O autor faz um estudo sobre as condições em que o policentrismo se tornaria uma realidade
19 de dezembro de
2023
Presidentes Joe Biden (EUA), Xi Jinping (China) e
Vladimir Putin (Rússia) (Foto: Divulgação)
Por Paris Yeros (1) - O imperialismo coletivo da Tríade (EUA-UE-Japão) evoluiu após a Segunda Guerra Mundial sob a égide dos Estados Unidos para dar coerência estratégica à expansão do capitalismo monopolista contra o Leste socialista e o Sul emergente. Seu objetivo era enfrentar resistências sem precedentes ao capitalismo monopolista, tanto pelo lado do sistema soviético, que havia vencido sobre o nazismo, como no Terceiro Mundo em vias de descolonização.
Essa
contradição era a essência da rivalidade sistêmica da Guerra Fria. As suas
origens se encontram justamente nos dois grandes acontecimentos
anti-imperialistas do século XX: a revolução socialista e a descolonização
geral.
Diz-se que o pós-guerra configurou um sistema “bipolar” entre Leste e Oeste. De fato o conflito foi muito maior. Consistia numa contradição sistêmica entre o imperialismo e todas as forças anti-imperialistas, não apenas aquelas provenientes do Leste. E mais: nessa contradição, a essência do conflito, mesmo entre Leste e Oeste, logo passou a girar em torno das forças de libertação nacional dos povos do Terceiro Mundo. Isto é, as lutas de libertação nacional se tornaram a principal força motriz da rivalidade sistêmica do pós-guerra.

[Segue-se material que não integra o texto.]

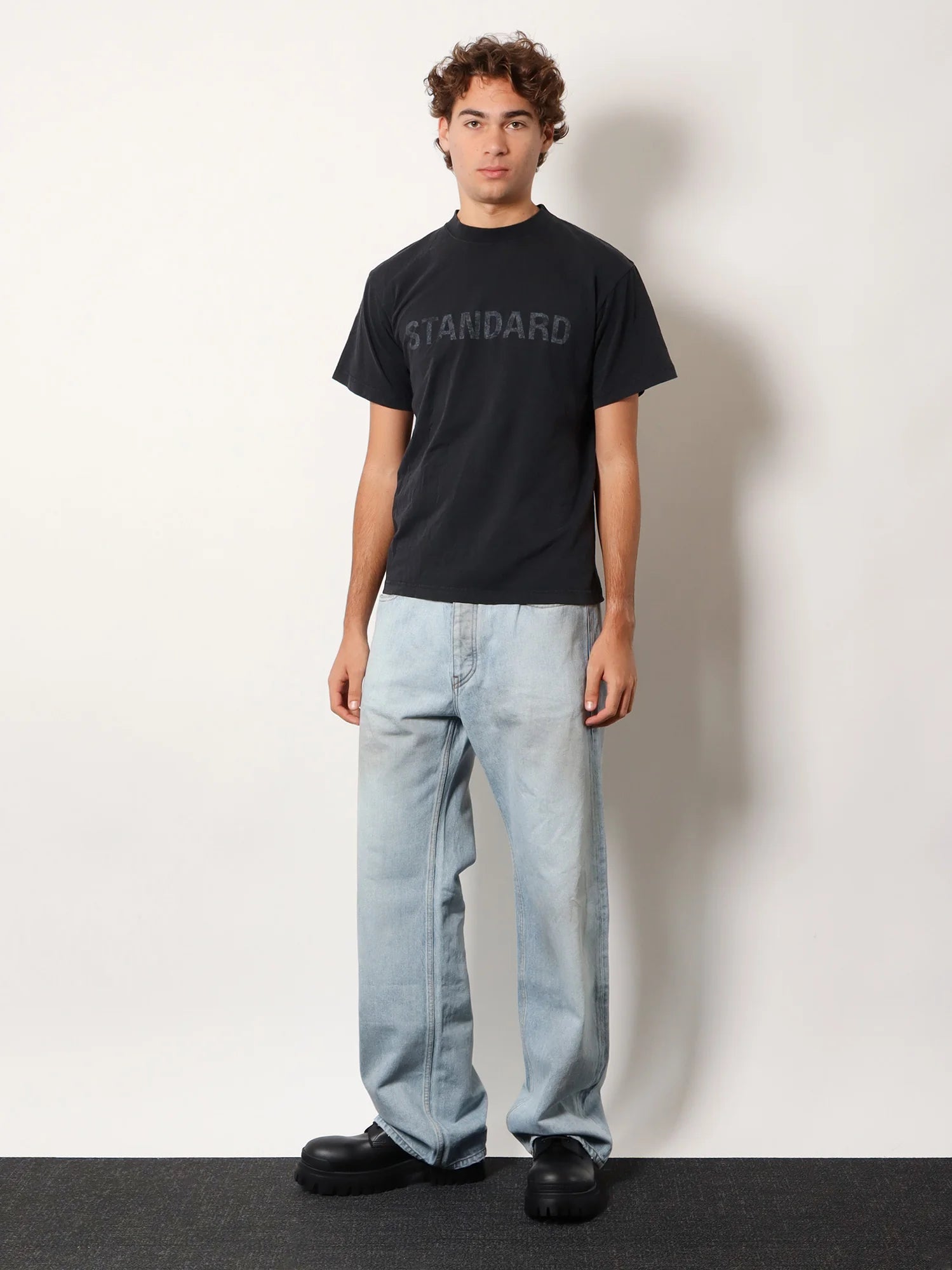 Black denim jeans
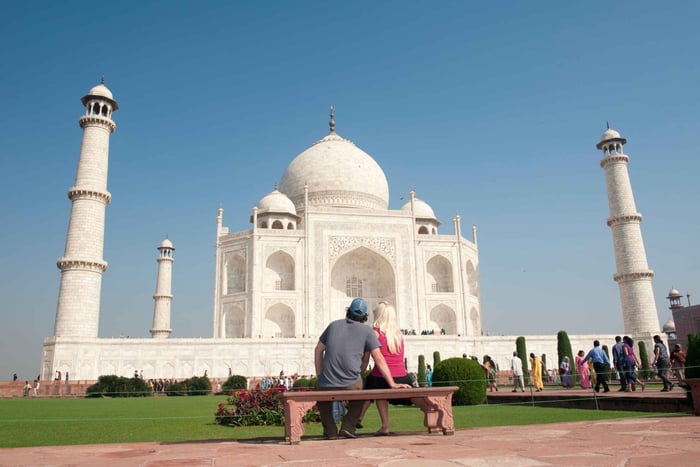 Da Agra/tour dell'alba al Taj Mahal, del Forte di Agra e del Piccolo Taj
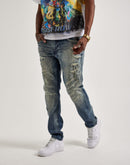 Jordan Craig Collins Straight Distressed Denim Jeans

Elas encontravam na União Soviética um contrapeso sistêmico ao imperialismo, senão
apoio direto, enquanto o próprio conflito Leste-Oeste ganhava o seu dinamismo
nas lutas de libertação nas periferias. Não é por acaso que a maior
confrontação nuclear da Guerra Fria se deu em função da revolução cubana.
Ouve-se dizer
também que o Ocidente “ganhou” a Guerra Fria. Nos anos 1990, os neoliberais em
sua euforia chegaram a postular até o “fim da história”, enquanto os seus alter
egos “realistas” contemplavam o caminho e os meios para se consolidar um mundo
“unipolar”. Um de seus feitos foi impor os seus termos no nosso debate,
difundindo não apenas teorias neoliberais, culturalistas etc., mas também
teorias de “polaridade” e “geopolítica”, entre outras, emprestadas da ciência
política norte-americana, alheias à teoria do imperialismo da nossa tradição
marxista-leninista. A presente intervenção busca apresentar alguns
esclarecimentos a respeito desses conceitos.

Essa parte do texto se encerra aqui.